Un oiseau prenant son envol depuis la pelouse de Stephen’s Green (disons près de la statue de la révolutionnaire Constance Markiewicz) pourrait se poser une petite quinzaine de miles plus loin au sud dans un désert de roches et de bruyères. Ce sont les Wilklow Mountains que nous traversons sous un ciel de plus en plus spectaculaire au fur et à mesure de la journée. La ville de Dublin s’est très vite champêtrisée et la route, en quelques épingles, prend ce qu’il faut de hauteur.

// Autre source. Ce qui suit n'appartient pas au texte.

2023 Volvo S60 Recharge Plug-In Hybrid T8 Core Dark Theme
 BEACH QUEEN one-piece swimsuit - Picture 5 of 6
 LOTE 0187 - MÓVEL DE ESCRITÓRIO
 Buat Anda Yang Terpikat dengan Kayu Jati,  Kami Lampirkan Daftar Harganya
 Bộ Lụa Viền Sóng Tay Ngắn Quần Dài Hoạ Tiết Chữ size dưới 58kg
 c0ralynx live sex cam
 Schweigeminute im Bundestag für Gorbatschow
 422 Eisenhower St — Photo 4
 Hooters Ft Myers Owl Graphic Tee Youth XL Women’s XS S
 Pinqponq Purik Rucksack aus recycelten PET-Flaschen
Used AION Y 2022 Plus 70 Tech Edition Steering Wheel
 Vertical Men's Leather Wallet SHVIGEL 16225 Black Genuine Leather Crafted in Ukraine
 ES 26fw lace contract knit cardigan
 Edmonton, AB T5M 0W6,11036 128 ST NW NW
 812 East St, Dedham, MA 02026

Nous suivons la R115, laissons à notre droite le Eagles Crag et atteignons le carrefour avec la R759. Autour : rien. Pas un hameau, pas une maison, très peu de voitures. Étonnante impression d’avoir claqué des doigts pour nous retrouver dans un décor d’heroic fantasy. La route redescend vers Glendalough dont nous visitons le cimetière, les lacs et l’ancienne mine de plomb réduite à quelques ruines au milieu d’une vallée désolée. La poétesse Letitia Elizabeth Landon s’y est peut-être aventurée avant de rejoindre le capitaine Mac Lean au château de Cape Coast. En 1834, un an avant sa mort, elle publie un poème sur les mines d’or de Wilklow, The Golden Grave

Glory and gold are gone; but still 

    They live in song again.

Des paysages pareils, la poésie romantique en fait son affaire, quitte à changer le plomb en or.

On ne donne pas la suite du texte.